Lifestyle center in Florida, US

CityPlace (formerly known as Rosemary Square and The Square) is an upscale lifestyle center in downtown West Palm Beach, Florida, along South Rosemary Avenue. Considered a New Urbanist mixed-use development, CityPlace is architecturally composed of Mediterranean and Venetian elements. The 600,000 sqft-center constitutes several city blocks and contains more than 60 restaurants and stores, as well as rental apartments, condos, and offices.

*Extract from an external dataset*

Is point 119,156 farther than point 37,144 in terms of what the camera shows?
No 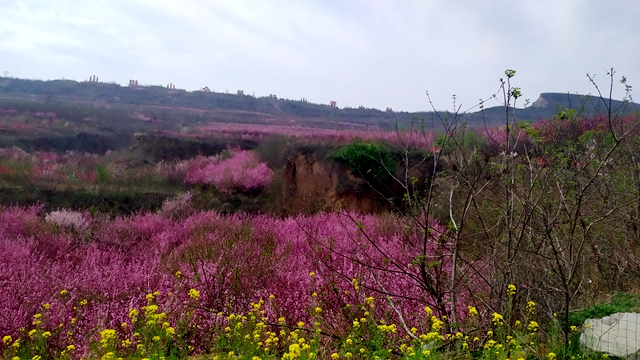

Opening in October 2000, the property is primarily credited for the urban renaissance of West Palm Beach, which had previously been notorious for crime, poverty, and vacant and dilapidated businesses and houses.

LA Fitness and Publix are the center's anchors. The third anchor was Macy's, which closed in 2017. Two movie theaters, AMC Parisian 20 and IMAX, were also on the property, though they have both since closed. Hotspots include Cheesecake Factory, Sloan's Ice Cream, and Starbucks. Apart from shopping, dining, and cinema, the center is now at the forefront of West Palm Beach's entertainment complementing establishments located on nearby Clematis Street.

The Raymond F. Kravis Center for the Performing Arts and Alexander W. Dreyfoos, Jr. School of the Arts are located within walking distance to CityPlace, as is the Palm Beach County Convention Center. An early-century trolleybus circles downtown between CityPlace and Clematis.

==History==
===Prior to completion===
By the 1980s, downtown West Palm Beach had acquired a reputation for crime, poverty, and vacant and dilapidated businesses and houses. United States senator Lawton Chiles referred to the area as a "war zone", while local politicians were not optimistic about the future of downtown. West Palm Beach had the highest crime rate for a city of its size in the late 1980s. Crack USA: County Under Siege, a 1989 documentary film about the crack epidemic, was filmed in West Palm Beach.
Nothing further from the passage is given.